Kujichagulia: caminando y sin pedir permiso
30 de diciembre de 2021
Por: Arleison Arcos Rivas
Aunque siempre se aspira a figurar en el amplio espectro de la política, la precariedad caracteriza hasta ahora la representación étnica afrodescendiente en Colombia y en buena parte de América. Si bien en la configuración del poder se acentúan las invariantes del dominio y la subrogación clasista asociadas al control de las dinámicas sociales, económicas y políticas, resulta especialmente manifiesto que el elitismo colombiano haya sido meticuloso en implementar prácticas exclusivistas, con una fuerte concentración monocromática en la captura de espacios y posiciones de influencia.
Suelen usar los casos emblemáticos y de mostrar para desmentirlo; no obstante, tanto las elites como sus aliados emergentes, suelen enfrentar la tensión étnica dilucidando y negando el racismo, refiriéndose a que aquí no pasa lo que en el extranjero; alimentando nuevos y edulcorados mitos de armonía racial, estudiado por Marixa Lasso, cuya profusa tradición del mestizaje habría producido un acrisolamiento de tal intensidad que constituye el sustrato de una síntesis igualitaria y democrática sin parangón.
Contra tal mistificación, los estudios de la afrodescendencia, los informes sobre discriminación y los datos en torno al racismo en Colombia evidencian que, incluso con cifras oficiales, persiste un sistemático trato preferencial en la asignación de los cargos investidos de autoridad.

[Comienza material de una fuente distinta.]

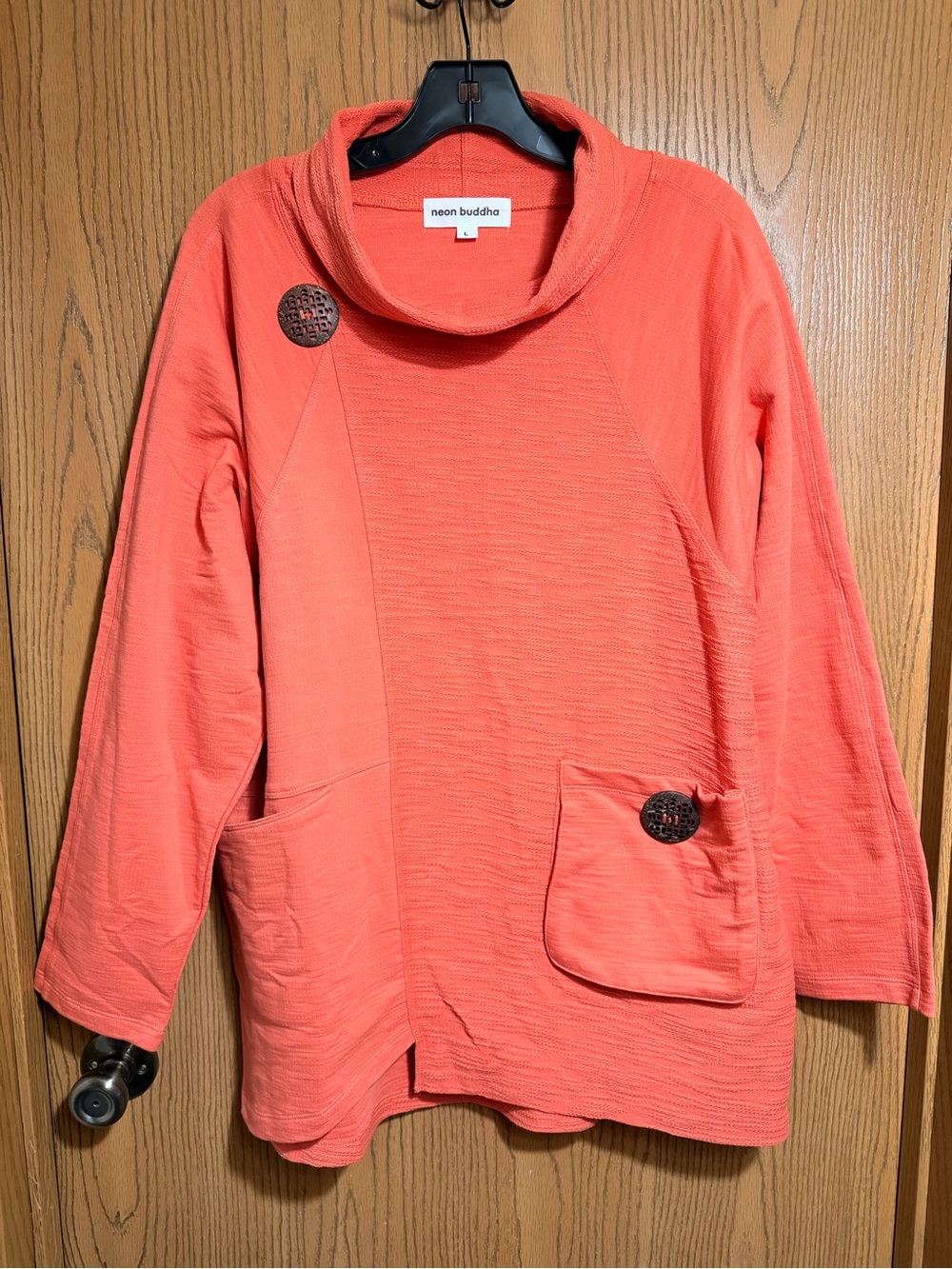 neon buddha Tunic in Orange with Cowl Neck, Pockets and Button Accents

Esta práctica deja por fuera, o limita severamente las oportunidades para la incorporación de agentes afrodescendientes en designaciones estatales, ascensos militares, asignaciones de alta dirección y responsabilidades ministeriales, figuración diplomática en consulados y embajadas de renombre e incluso en cargos electos, producto de la opacidad en los puestos asignados en las listas o en su frecuente desconsideración. A ello se suma la demarcación o casi invisible existencia de afrodescendientes con suficiente capital acumulado para figurar como banqueros, industriales y comerciantes, así como su representación en altas posiciones sociales; evidenciando la estratificación deficitaria que cobija a buena parte de este grupo poblacional.

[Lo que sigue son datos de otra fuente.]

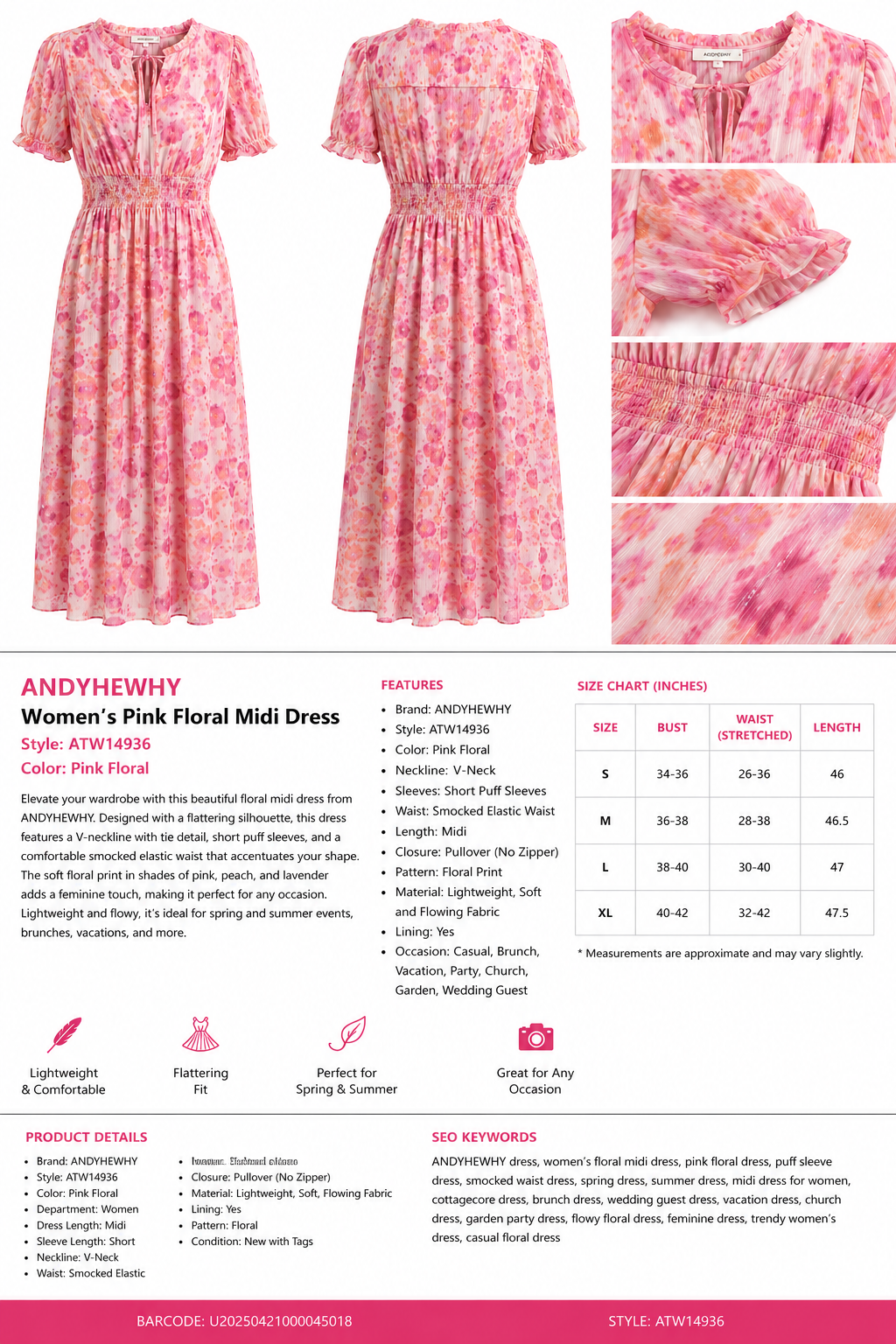 And The Why Womens Smocked Waist Printed Midi Dress Pink Floral Puff Sleeve NWT - American Smart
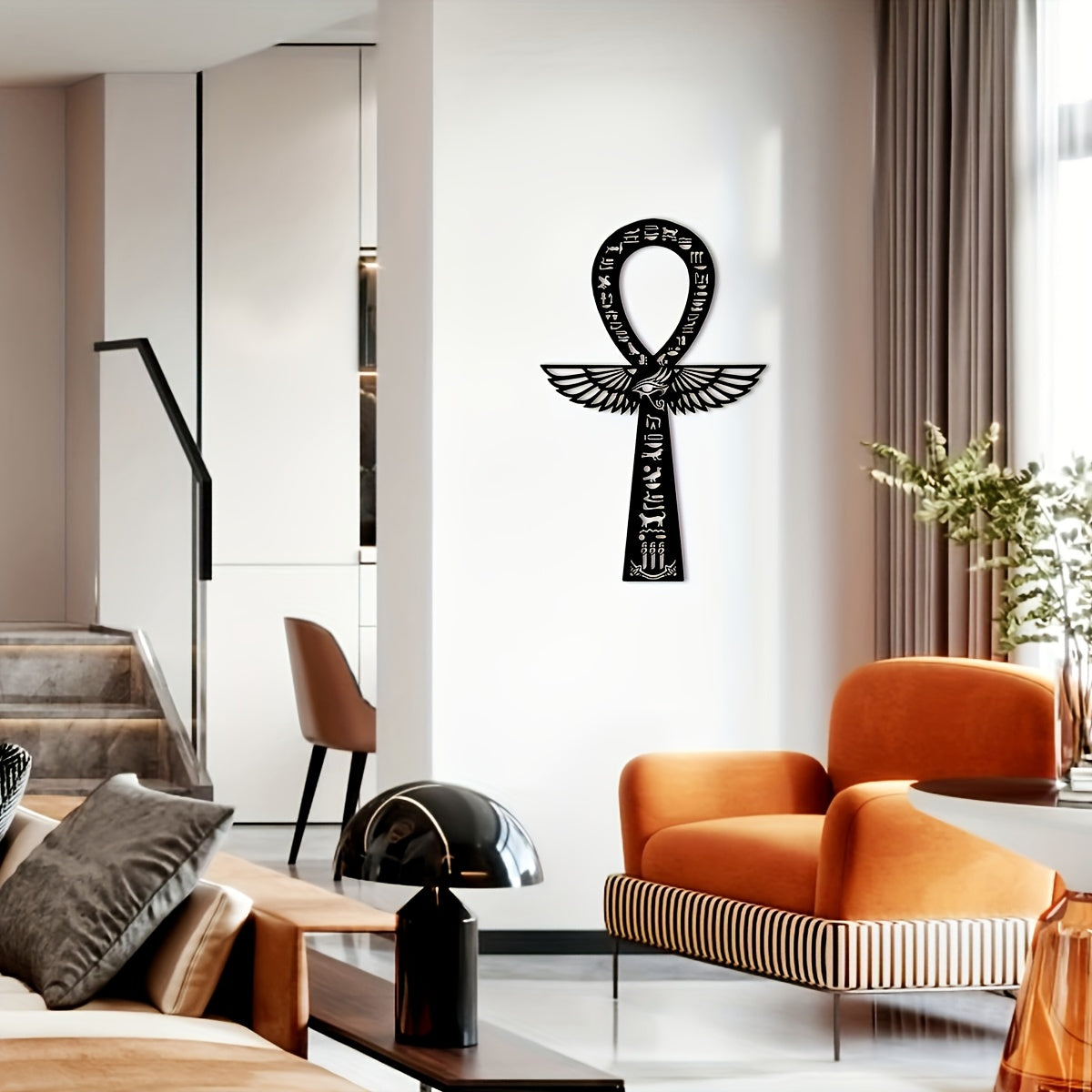 1pc Room Decor Iron Ankh Wall Art - Egyptian Hieroglyphic Symbol, Nile River Ankh, Ancient Egyptian Decor, Spiritual Key to Life - For Home Decor Enthusiasts & Spiritual Seekers - Perfect Gift for Housewarming & Birthday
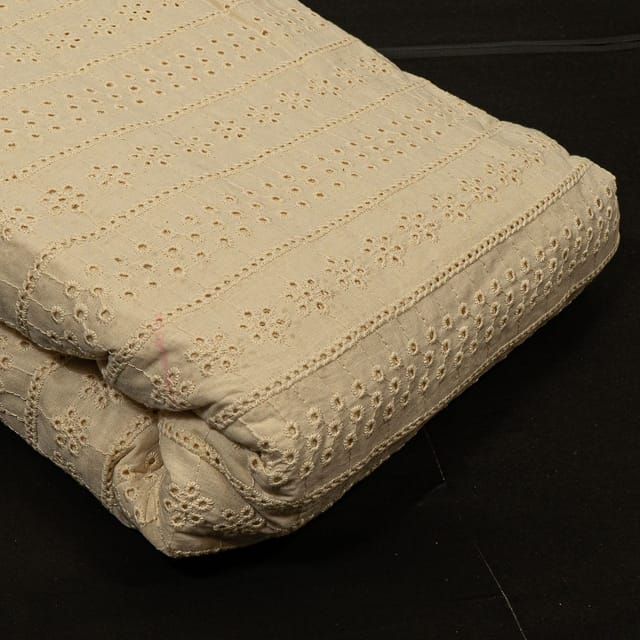 Off White Colour Dyeable Cotton Chikan Embroidered Fabric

Si bien resulta notorio el incremento de mujeres y hombres en los mayores niveles educativos, provenientes de condiciones desfavorecidas, por sí mismo este indicador no transforma las desventajas acumulativas incidentes en el logro de estatus de los individuos, como demostraron Viáfara y Urrea; lo cual resulta palpable igualmente en la ocupación de posiciones de influencia.
En contextos de dependencia organizativa y precariedad financiera, las personas afrodescendientes que aspiran a conquistar posiciones de poder e influencia política no solo resultan bloqueadas por la capacidad económica sino por los circuitos relacionales en los que alcanzan a interactuar; cuando no resultan sometidos a sospechas de incompetencia. Apelando al estudio de Viveros y Gil, si bien se cuentan conquistas individuales y primeros alcances, no se evidencia que en el país se hayan construido condiciones para el ascenso de grupo o se hayan generado espacios para el florecimiento de una cierta burguesía étnica o clase media ascendiente, con potencialidad de movilidad social igualitaria. Esto pone en entredicho la supuesta democracia racial o los mitos de armonía de construidos en la democracia colombiana.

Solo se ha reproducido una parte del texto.